= Description of the task =
Below are several records. Retype exactly those lines running from the one with "2024官方深业颐樾府 深业颐樾府最新楼盘详情 地铁 学校 最新房价" through the one with "MITSUBISHI CANTER 2024", end lines included, and no others.

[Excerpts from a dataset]
=== Section Start ===
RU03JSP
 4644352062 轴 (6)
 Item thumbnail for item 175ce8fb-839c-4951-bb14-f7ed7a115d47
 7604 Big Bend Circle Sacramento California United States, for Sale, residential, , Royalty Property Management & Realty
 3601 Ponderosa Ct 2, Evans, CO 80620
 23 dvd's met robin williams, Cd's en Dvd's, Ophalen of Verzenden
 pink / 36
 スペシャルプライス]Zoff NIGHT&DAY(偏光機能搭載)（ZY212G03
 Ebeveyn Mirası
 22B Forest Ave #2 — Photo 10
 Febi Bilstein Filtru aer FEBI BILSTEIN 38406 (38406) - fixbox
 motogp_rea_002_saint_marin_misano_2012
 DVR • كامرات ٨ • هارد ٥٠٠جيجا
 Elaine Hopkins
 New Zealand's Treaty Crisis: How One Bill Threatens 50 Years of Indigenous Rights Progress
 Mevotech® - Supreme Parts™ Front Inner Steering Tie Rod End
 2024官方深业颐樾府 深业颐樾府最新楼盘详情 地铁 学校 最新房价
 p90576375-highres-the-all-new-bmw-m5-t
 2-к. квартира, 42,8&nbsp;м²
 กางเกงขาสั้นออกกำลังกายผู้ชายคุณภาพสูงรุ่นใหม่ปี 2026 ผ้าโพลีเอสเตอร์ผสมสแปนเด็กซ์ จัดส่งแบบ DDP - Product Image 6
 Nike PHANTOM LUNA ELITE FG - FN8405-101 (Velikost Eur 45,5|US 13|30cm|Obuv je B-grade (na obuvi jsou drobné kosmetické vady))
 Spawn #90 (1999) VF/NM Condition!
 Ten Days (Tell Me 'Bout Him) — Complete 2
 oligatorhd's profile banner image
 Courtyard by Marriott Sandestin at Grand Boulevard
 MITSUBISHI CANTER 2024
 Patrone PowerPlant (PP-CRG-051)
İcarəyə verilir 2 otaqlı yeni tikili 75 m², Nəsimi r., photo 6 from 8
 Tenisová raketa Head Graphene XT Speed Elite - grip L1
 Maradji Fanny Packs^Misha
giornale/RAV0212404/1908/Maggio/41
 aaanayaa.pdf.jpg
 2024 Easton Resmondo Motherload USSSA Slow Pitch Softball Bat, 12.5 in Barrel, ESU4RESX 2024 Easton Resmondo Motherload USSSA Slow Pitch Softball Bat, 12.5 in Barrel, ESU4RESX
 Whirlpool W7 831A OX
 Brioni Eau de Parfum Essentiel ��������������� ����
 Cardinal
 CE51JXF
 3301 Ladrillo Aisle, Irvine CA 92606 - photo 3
=== Section End ===
= Answer box =
 2024官方深业颐樾府 深业颐樾府最新楼盘详情 地铁 学校 最新房价
 p90576375-highres-the-all-new-bmw-m5-t
 2-к. квартира, 42,8&nbsp;м²
 กางเกงขาสั้นออกกำลังกายผู้ชายคุณภาพสูงรุ่นใหม่ปี 2026 ผ้าโพลีเอสเตอร์ผสมสแปนเด็กซ์ จัดส่งแบบ DDP - Product Image 6
 Nike PHANTOM LUNA ELITE FG - FN8405-101 (Velikost Eur 45,5|US 13|30cm|Obuv je B-grade (na obuvi jsou drobné kosmetické vady))
 Spawn #90 (1999) VF/NM Condition!
 Ten Days (Tell Me 'Bout Him) — Complete 2
 oligatorhd's profile banner image
 Courtyard by Marriott Sandestin at Grand Boulevard
 MITSUBISHI CANTER 2024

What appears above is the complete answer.